The 1-month COVID-19 confinement had also no consequences on the jumping performances. On the contrary, the jumping height reached had increased especially during the retraining period. The duration of the confinement was perhaps not enough to significantly decrease the anaerobic performances. Mujika et al. also showed in 2000 that only 7–12% of strength was lost during 12 weeks of detraining in adults (maximum of 1% per week) [36]. Several months may be needed to notice a significant loss of anaerobic capacity. However, an improvement of jumping performances was shown during the COVID-19 confinement in our study.
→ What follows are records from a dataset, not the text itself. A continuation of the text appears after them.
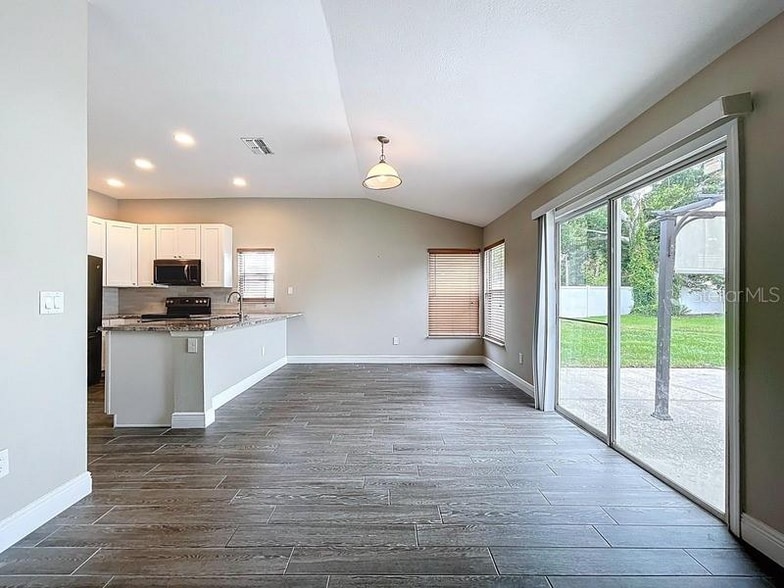 Building Photo - 2049 Darlington Oak Dr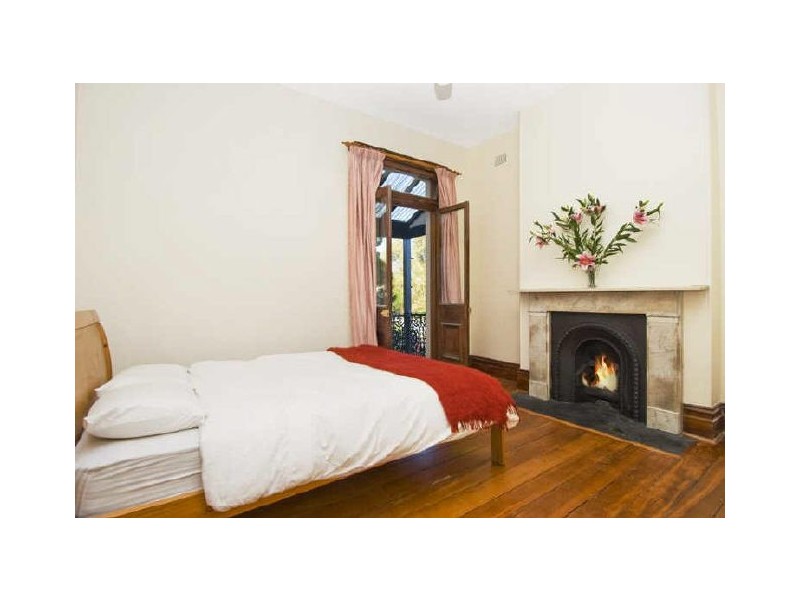 8 Wardell Road, Petersham NSW 2049
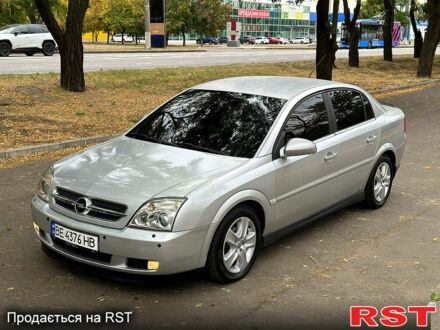 Опель Вектра 2003 в Николаеве на Automoto.ua Серый Опель Вектра, объемом двигателя 3.2 л и пробегом 299 тыс. км за 4400 $, фото 1 на Automoto.ua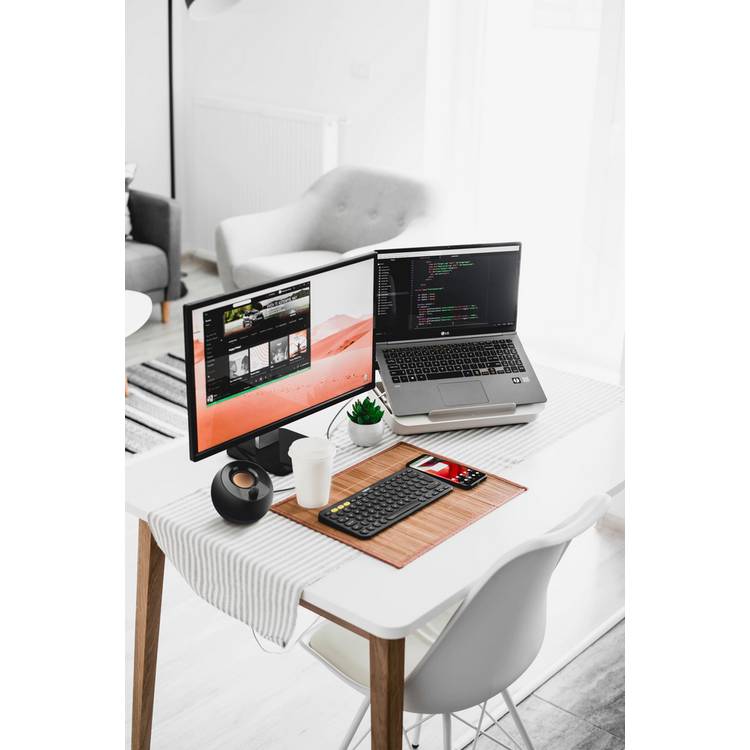 Creative Pebble v1 USB desktop speakers - British product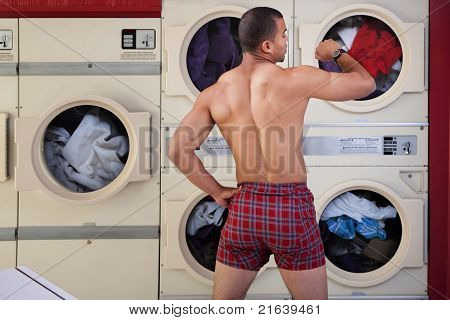 Half-naked mens In wasserette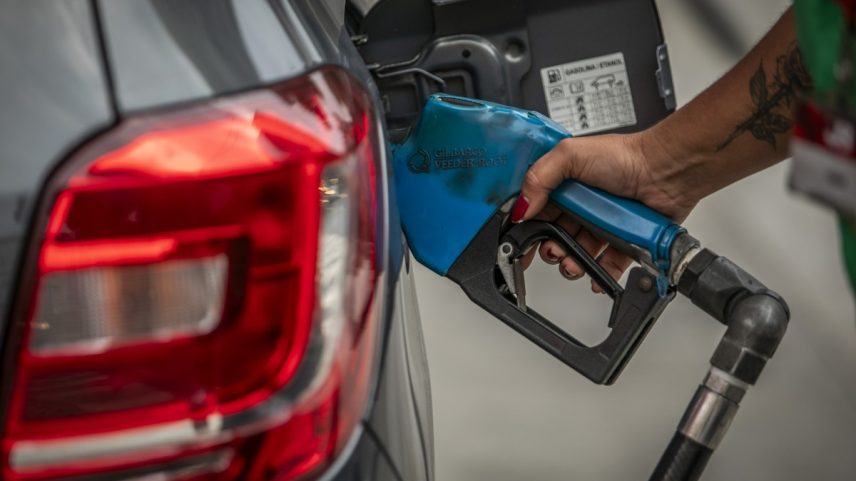 Carro é abastecido com combustível em posto de gasolina (Foto: Guito Moreto / Agência O Globo)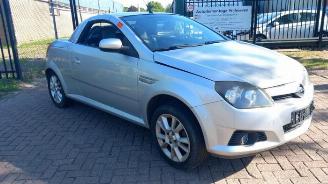 Coche siniestrado Opel Tigra Tigra Twin Top, Cabrio, 2004 / 2010 1.4 16V 2005/6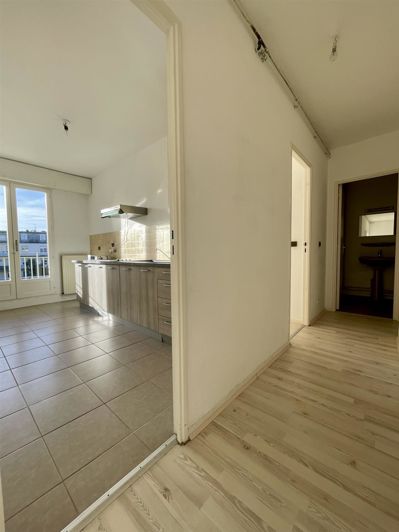 Image No.12-1 Bed Apartment for sale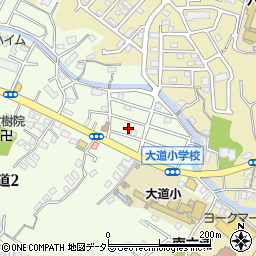 神奈川県横浜市金沢区大道1丁目8周辺の地図
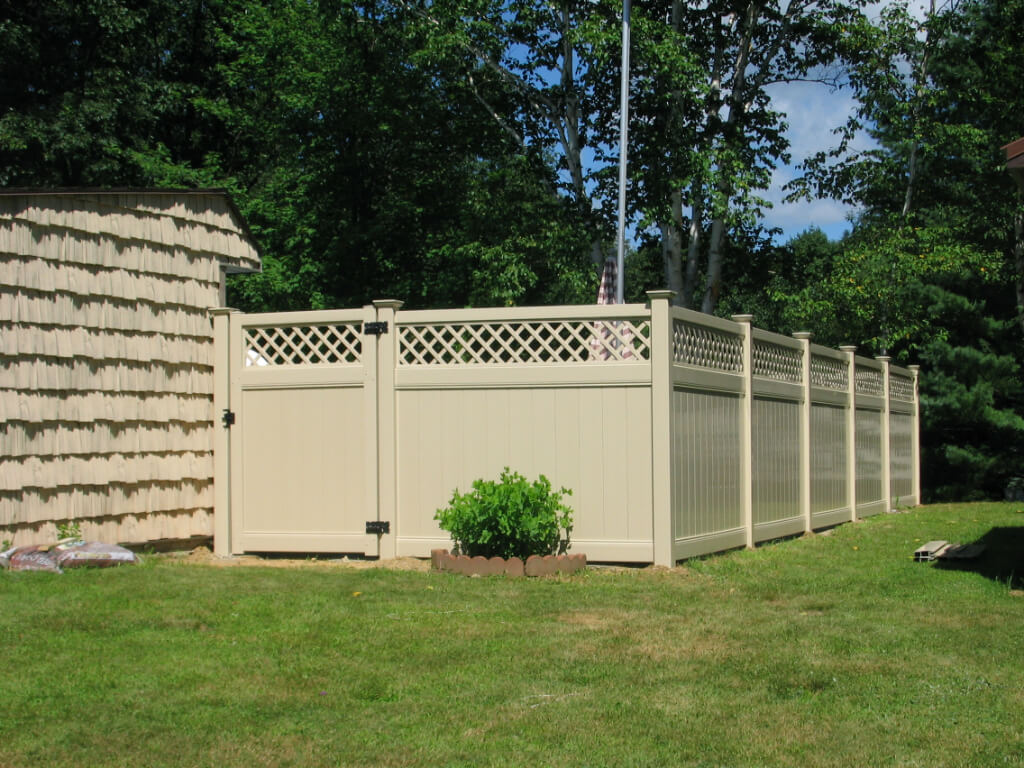 semi-private-pvc-fence-new-lexington-with-lattice-tan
This result can been explained by the dependence of squat and countermovement jump height to the pubertal status and the level of sport [37,38]. Before the COVID-19 confinement, the SJ and CMJ heights of our soccer player population aged 14 were similar to the heights of the soccer populations of the same age studied by different authors [37,39,40,41]. In a younger population aged 12 (pre-pubertal period), the SJ and CMJ height performances were lower (20 and 21.5 cm, respectively), and they were higher after the pubertal period (36 and 37.5 cm, respectively) [42]. In the same way, Cunha et al. have shown an increase of jump height depending on the pubertal status for the SJ (32 to 38.6 cm) and CMJ (34.7 to 38.6 cm) [37].

The jump performances also depend on the level of sport [38]. Indeed, Murtagh et al. have recently pointed out that elite soccer players had higher jump performances compared to a control group of adolescents from 13 to 17 years of age for the CMJ [43]. In addition, a strength training program was effective to improve CMJ height performances in soccer players aged 15.2 [44]. Therefore, our post-confinement retraining period could explain the improvement of jump performances. This retraining was more effective compared to the self-training period observed during the COVID-19 confinement.

Limitations

The positive and negative SARS-CoV-2 groups were rather small to obtain reliable results but our group corresponded to a homogenous population of elite adolescent soccer players. Yet, this population seems not highly sensitive to the most harmful effects of SARS-CoV-2. Other anaerobic testing such as sprinting or limb strength tests could have been used to better explore the anaerobic capacities. Unfortunately, no sprinting tests were carried out just before the COVID-19 confinement because it was not possible to know the exact date of the confinement or if some adolescents had been infected or not by SARS-CoV-2. Moreover, the effects of the SARS-CoV-2 infection and a 1-month COVID-19 confinement may be different in an untrained population. Finally, as the sample does not present complications or long periods of confinement, it is difficult to predict the possible harmful effects of the virus.

5. Conclusions

Anaerobic performances measured using squat jumps, countermovement jumps and stiffness seemed not to be altered by the SARS-CoV-2 infection in adolescent elite soccer players. In the same way, a 1-month COVID-19 confinement appeared insufficient to alter the jump performances in these growing soccer players. These results could be useful to manage the recovery of anaerobic fitness after a viral infection occurring in adolescent athletes.